Lastly, this seems to me, above all, an age which calls upon us to ponder well and thoughtfully upon the articles of our moral and our religious creed. Entering more than ever into the mighty warfare of the world, we should summon to our side whatever auxiliaries can aid us in the contest — to cheer, to comfort, to counsel, to direct. It is a time seriously to analyse the confused elements of belief — to apply ourselves to such solution of our doubts as reason may afford us. Happy he who can shelter himself with confidence under the assurance of immortality, and feel “that the world is not an Inn but a Hospital — a place not to live but to die in,” acknowledging “that piece of divinity that, is in us — that something that was before the elements, and owes no homage to the sun.” (Religio Medici, Part II. Sect ii.) For him there is indeed the mastery and the conquest, not only over death, but over life; and “he forgets that he can die if he complain of misery!”
I reject all sectarian intolerance — I affect no uncharitable jargon — frankly I confess that I have known many before whose virtues I bow down ashamed of my own errors, though they were not guided and supported by Belief. But I never met with one such, who did not own that while he would not have been worse, he would have been happier, could he have believed. I, indeed, least of all men ought harshly to search into that Realm of Opinion which no law can reach; for I, too, have had my interval of doubt, of despondency, of the Philosophy of the Garden. Perhaps there are many with whom Faith — the Saviour, — must lie awhile in darkness and the Grave of Unbelief, ere, immortal and immortalizing, it ascend from its tomb — a God!

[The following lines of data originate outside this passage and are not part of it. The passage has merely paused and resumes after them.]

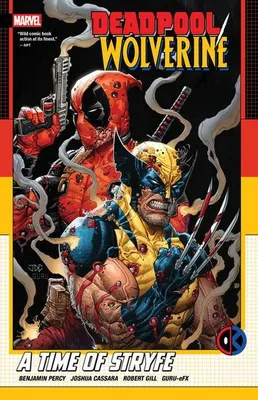 Immagine prodotto di Deadpool/Wolverine: A Time Of Stryfe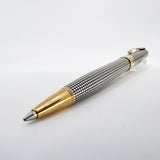 Parker Sonnet Sterling Silver Cisele Cross Hatch Design Ballpoint  Pen - Circa 1995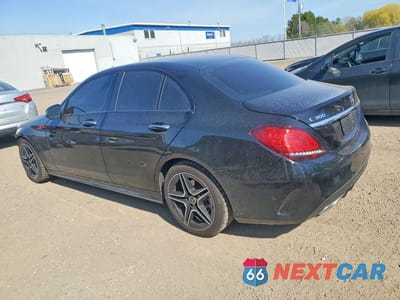 Drugie zdjęcie samochodu z przodu: 2019 MERCEDES-BENZ C 300 4MATIC VIN:55SWF8EB1KU297042 - miniatura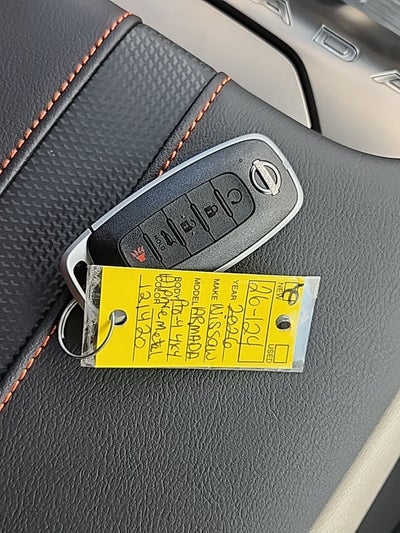 2026 Nissan Armada PRO-4X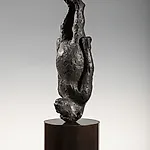 Petter Heps�: Point zero II, 2020, 62 x 18x18 cm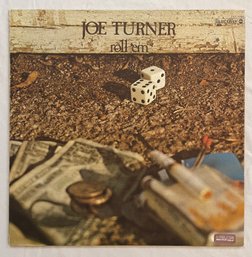 Joe Turner - Roll 'em BLS-6060 VG Plus White Label Promo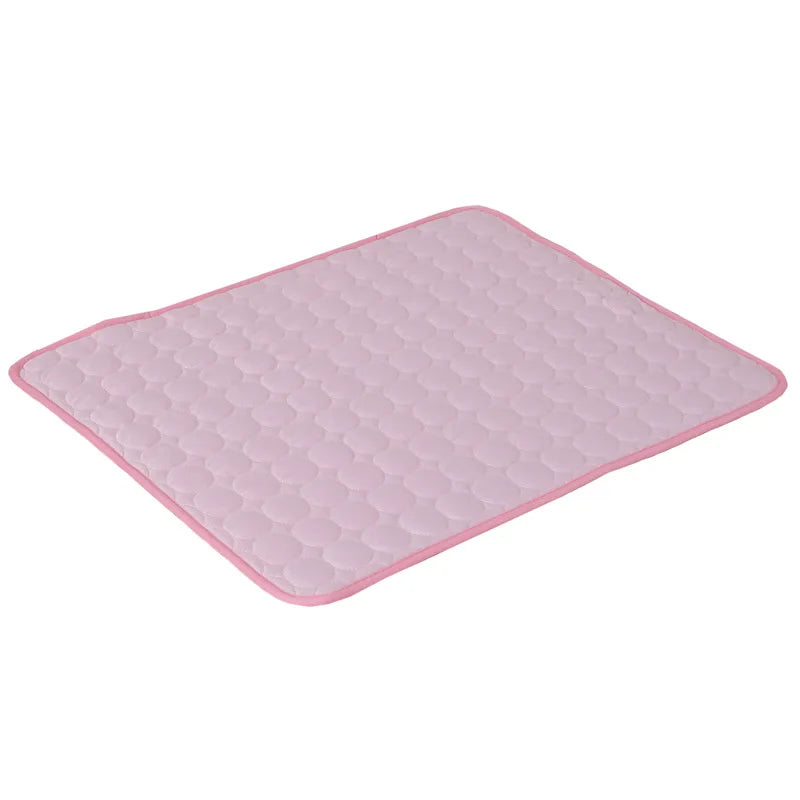 Dog Cooling Mat – Summer Pet Ice Bed for Dogs & Cats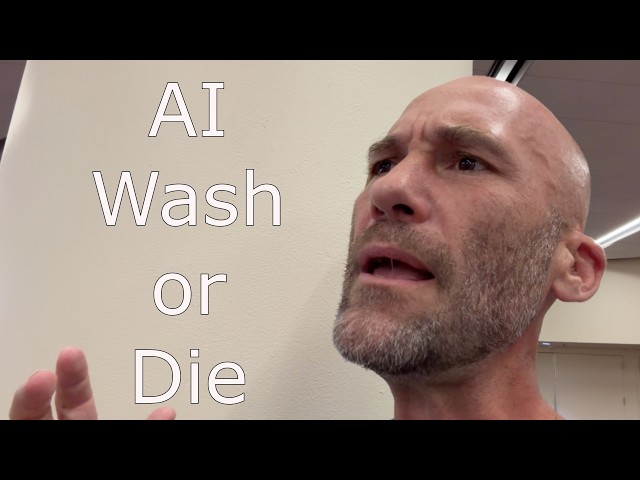 AI Wash Your IT Projects to Keep Your Job - Automation vs Artificial Intelligence at #AI4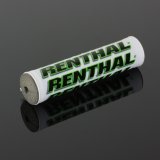 Renthal Mini SX Bar Pads P269 Handlebar Pad, Crossbar, SX, Foam, Vinyl Cover, White, Green, Logo, 8.50 in. Length, Each thumbnail 2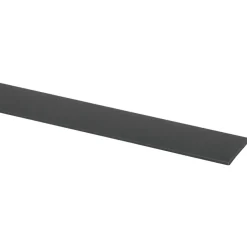 Afdekprofiel zelfklevend kunststof antraciet 2x30mm 260cm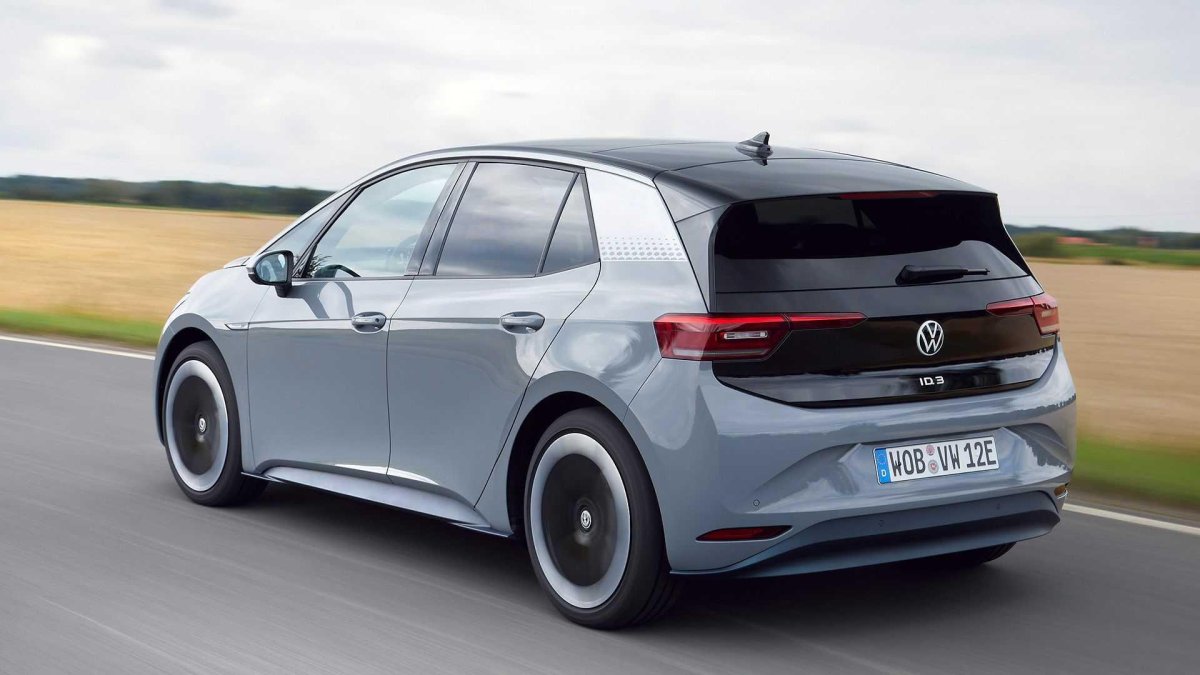 Электрокар Фольксваген id3
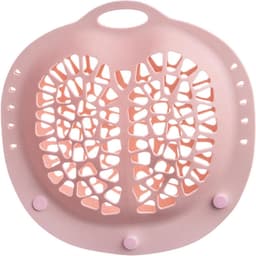 Waszak Beha - Lingerie Tas - Delicate Kleding Wassen - Anti-Vervorming Ontwerp - 22 x 21 x 7.5 cm - Roze — thumbnail 1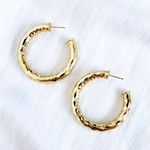 Kinsey Designs Kinsey Designs Jasmine Large Hoop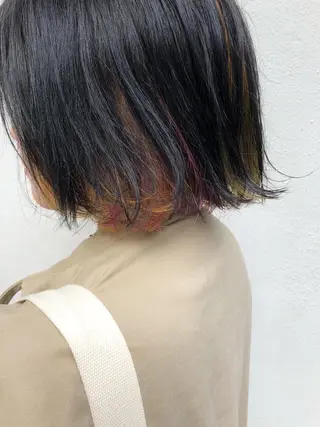 ショート カラー 三軒茶屋/髪質改善 やまなかのヘアスタイル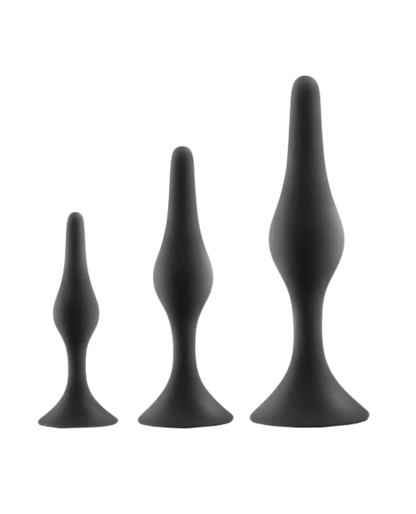 Anal Adventures Plug Kit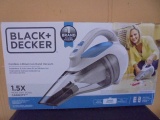 Black & Decker Cordless Lithium Ion Hand Vacuum
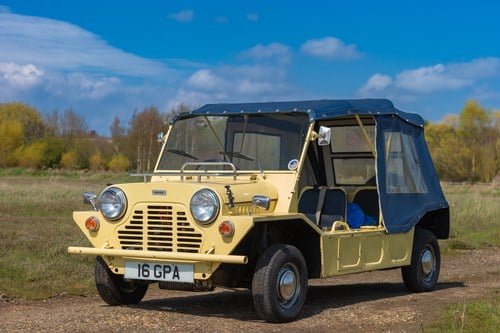 1965 Morris Mini Moke For Sale (picture 16 of 161)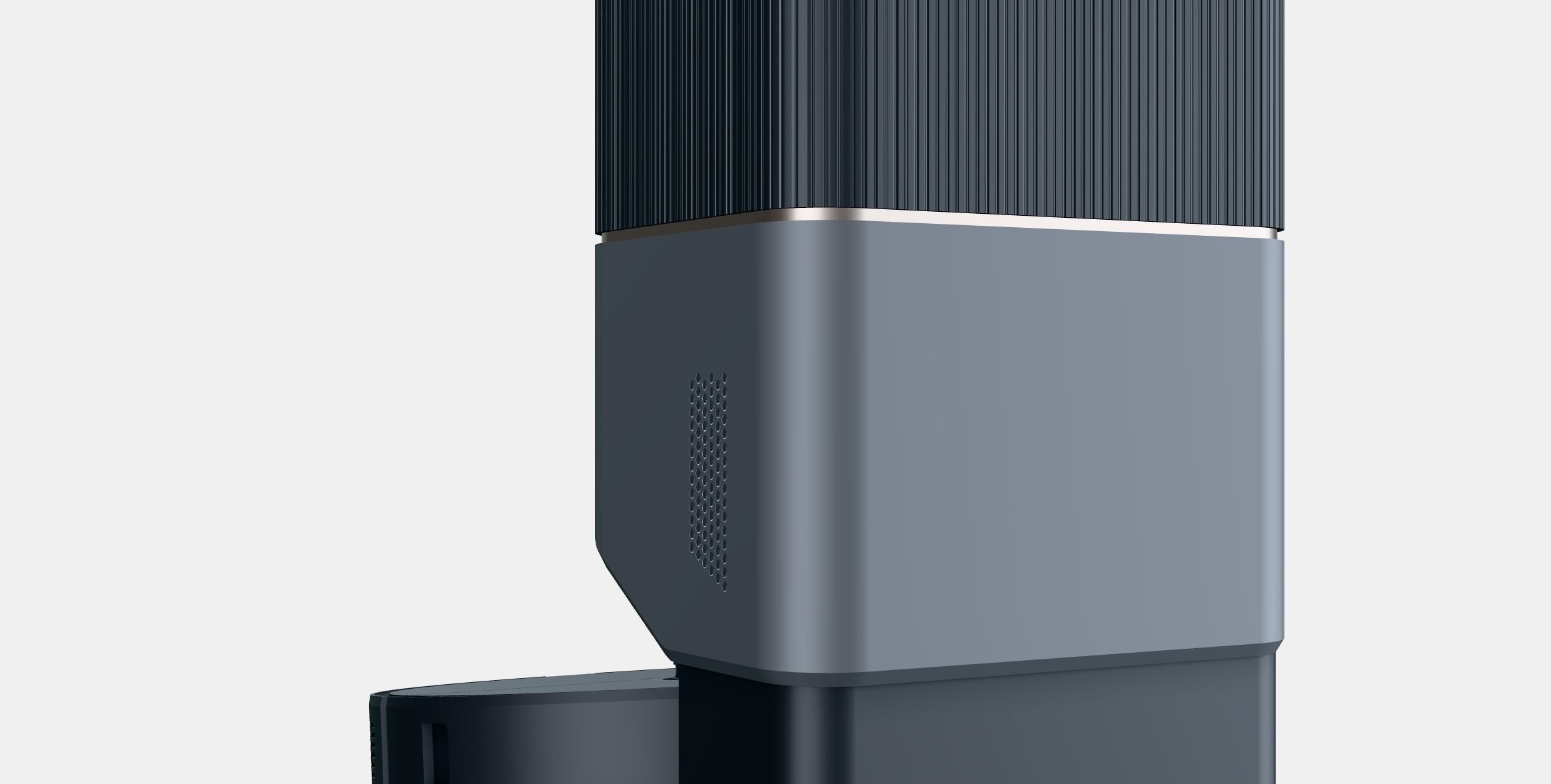 Roborock S8 black 3D model_1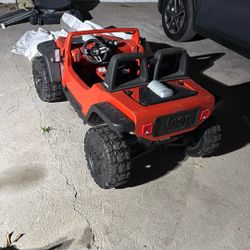 Kids Power Wheels Jeep 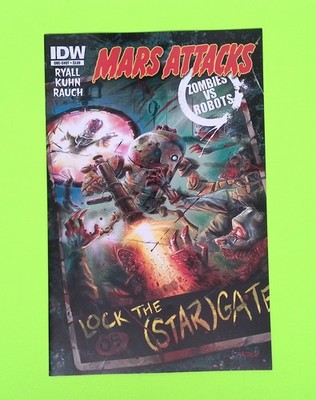 Mars Attacks Zombies Vs. Robots #1 One-Shot 2013 IDW Publishing RY40-56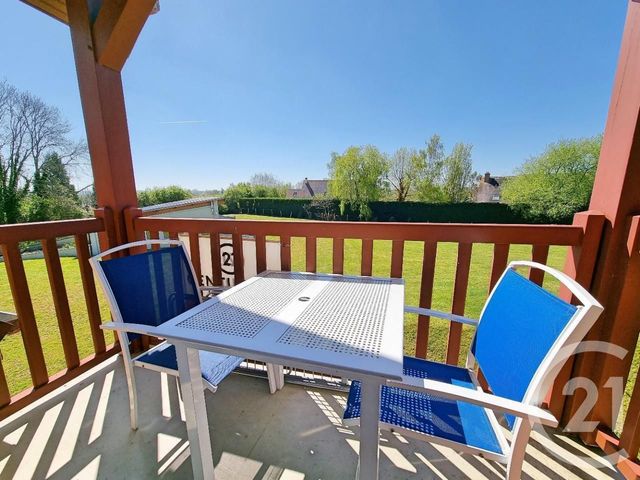 Afficher la photo en grand Appartement F2 à vendre - 2 pièces - 39.29 m2 - ST ARNOULT - 14 - BASSE-NORMANDIE - Century 21 Tirard-Gardie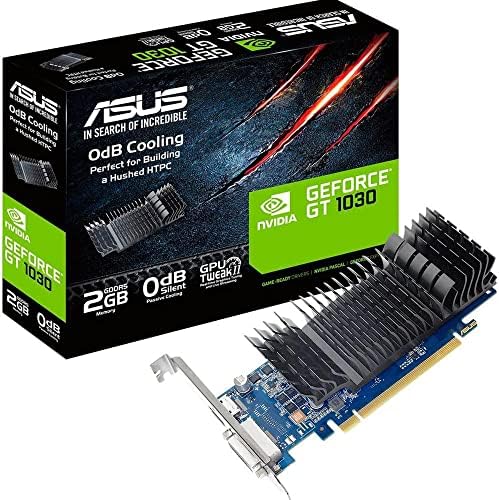 ASUS GeForce GT 1030 2GB GDDR5 Graphics Card by Unknown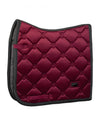 Dressage Saddle Pad Dark Bordeaux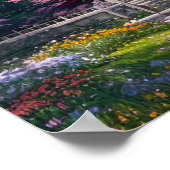 桜静穏 ポスター (角)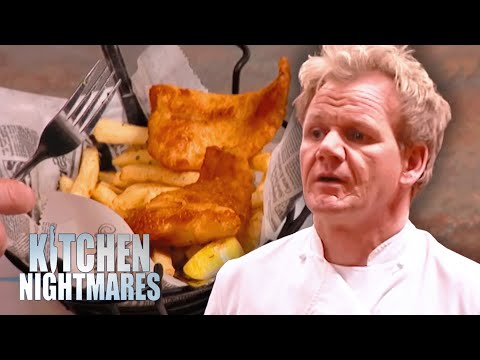 This Fish & Chips Tastes Like "A BREADED CONDOM" | FULL EPISODE | Kitchen Nightmares US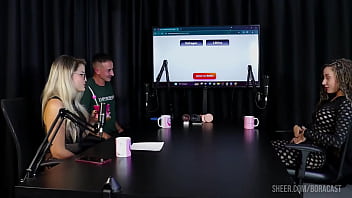 Compilados da jujube delícia no bora cast com bruna carlos & matheus caetano parte 3 watch sheer red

But humbly and reverently comparing each state with each, I exclaim again, ‘Happy, thrice happy, he who relies on the eternity of the soul — who believes — as the loved fall one after one from his side — that they have returned “to their native country” — that they await the divine re-union; who feels that each treasure of knowledge he attains he carries with him through illimitable being — who sees in Virtue, the essence and the element of the world he is to inherit, and to which he but accustoms himself betimes; who comforts his weariness amidst the storms of time, by seeing, far across the melancholy seas, the haven he will reach at last — who deems that every struggle has its assured reward, and every sorrow has its balm — who knows, however forsaken or bereaved below, that he never can be alone, and never be deserted — that above him is the protection of Eternal Power, and the mercy of Eternal Love! Ah, well said the dreamer of philosophy, “How much He knew of the human heart who first called GOD our Father!”
As, were our lives limited to a single year, and we had never beheld the flower that perishes from the earth restored by the dawning spring, we might doubt the philosophy that told us it was not dead, but dormant only for a time; yet, to continue existence to another season, would be to know that the seeming miracle was but the course of nature; — even so, this life is to eternity but as a single revolution of the sun, in which we close our views with the winter of the soul, when its leaves fade and vanish, and it seems outwardly to rot away; but the seasons roll on unceasingly over the blank and barrenness of the grave — and those who, above, have continued the lease of life, behold the imperishable flower burst forth into the second spring!
This hope makes the dignity of man, nor can I conceive how he who feels it breathing its exalted eloquence through his heart, can be guilty of one sordid action, or brood over one low desire. To be immortal is to be the companion of God!